Entre otras cosas está la unidad de la obra como hecha en un mismo día, y con
un bello y extraordinario acabado como hecho por un miniaturista. La multitud
de figuras en verdad, el tamaño y la terribilità es tal que no se puede
describir, por que tiene todos los rasgos humanos posibles expresados maravillosamente:
altivos de soberbia, avaros, envidiosos se pueden reconocer fácilmente otros
lujuriosos, observando con decoro en la representación y figurarlos en posturas
en cualquier circunstancia natural. Grande y maravilloso es y no imposible para
este hombre, sabio y sagaz, siempre atento observador de otros hombres y de
sus conocimientos que los filósofos ponen en los escritos. Quien de figuras
sabe ver se dará cuenta que nunca antes estas por otro fueron pintadas.
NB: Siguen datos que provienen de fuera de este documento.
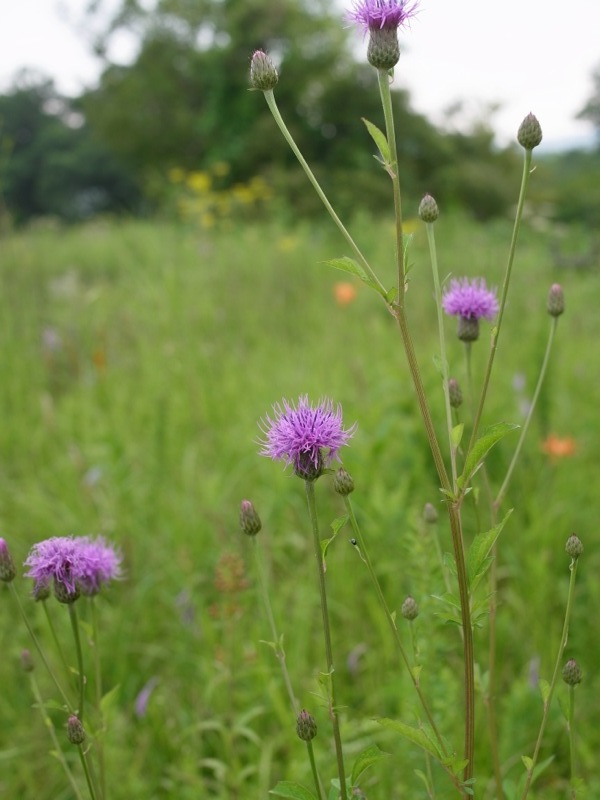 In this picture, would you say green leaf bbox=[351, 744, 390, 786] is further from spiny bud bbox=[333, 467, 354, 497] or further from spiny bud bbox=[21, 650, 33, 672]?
spiny bud bbox=[21, 650, 33, 672]

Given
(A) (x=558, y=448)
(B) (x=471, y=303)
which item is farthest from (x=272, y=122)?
(B) (x=471, y=303)

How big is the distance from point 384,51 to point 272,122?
12404mm

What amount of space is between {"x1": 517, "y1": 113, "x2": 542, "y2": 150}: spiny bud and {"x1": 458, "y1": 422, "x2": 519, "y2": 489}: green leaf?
1.03 ft

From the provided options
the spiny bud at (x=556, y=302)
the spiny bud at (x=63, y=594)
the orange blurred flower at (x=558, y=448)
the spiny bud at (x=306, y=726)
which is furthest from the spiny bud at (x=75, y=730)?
the orange blurred flower at (x=558, y=448)

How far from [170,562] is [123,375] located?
1486 mm

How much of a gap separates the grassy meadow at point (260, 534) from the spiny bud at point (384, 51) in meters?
0.20

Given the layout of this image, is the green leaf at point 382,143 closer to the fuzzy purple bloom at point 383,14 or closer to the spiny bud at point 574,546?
the fuzzy purple bloom at point 383,14

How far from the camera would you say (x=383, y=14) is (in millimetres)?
800

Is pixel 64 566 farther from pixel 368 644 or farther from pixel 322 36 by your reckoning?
pixel 322 36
Se puede
ver extraños y distintos gestos de jóvenes, viejos, hombres y mujeres en aptitudes
muy variadas, ¿como no reconocer el arte en el terror junto a esa gracia concedida
por la naturaleza? porque consigue sacudir los corazones de los que no
saben y de los expertos, hay escorzos que parecen en relieve, unido a la dulzura
la fineza, morbidezza, que muestra como los pintores de verdad tienen
que pintar. Está en los contornos que pintó que, lo hace por una vía que otros
no pueden haber seguido, el autentico juicio con la resurrección y la condenación
eterna verdadera, en el juicio y la verdad, enviada por dios como ejemplo de
nuestro arte, a los hombres en la tierra para que vean lo que el hado hace,
cuando la inteligencia desciende a la tierra con gracia divina del conocimiento
inspirado en ellos. Los convencidos en el arte de sus conocimientos,
quedan prisioneros de esta herencia del saber, al extraer las señales que en
los contornos están trazados por el, siente una terrible envidia con sus dibujos,
y el espíritu teme y tiembla observando el esfuerzo de esta obra, se aturden
los sentidos pensando en lo que se hará. Se puede llamar la magnífica maravilla
del siglo, vista para la memoria de quien está en la edad feliz, puede considerarla
a través de ella realmente esto. Muy afortunado Pablo III, los escritores darán
memoria y elogiarán la gloria que bajo tu protección y refugio ha permitido
dios. ¡¿Cuanto adquieren los méritos cuando les somete la virtud?!. Tienen suerte
los artistas al nacer en este siglo con el velo de las dificultades rasgado,
con lo que se puede ver e imaginar todo en esculturas arquitectura y pintura.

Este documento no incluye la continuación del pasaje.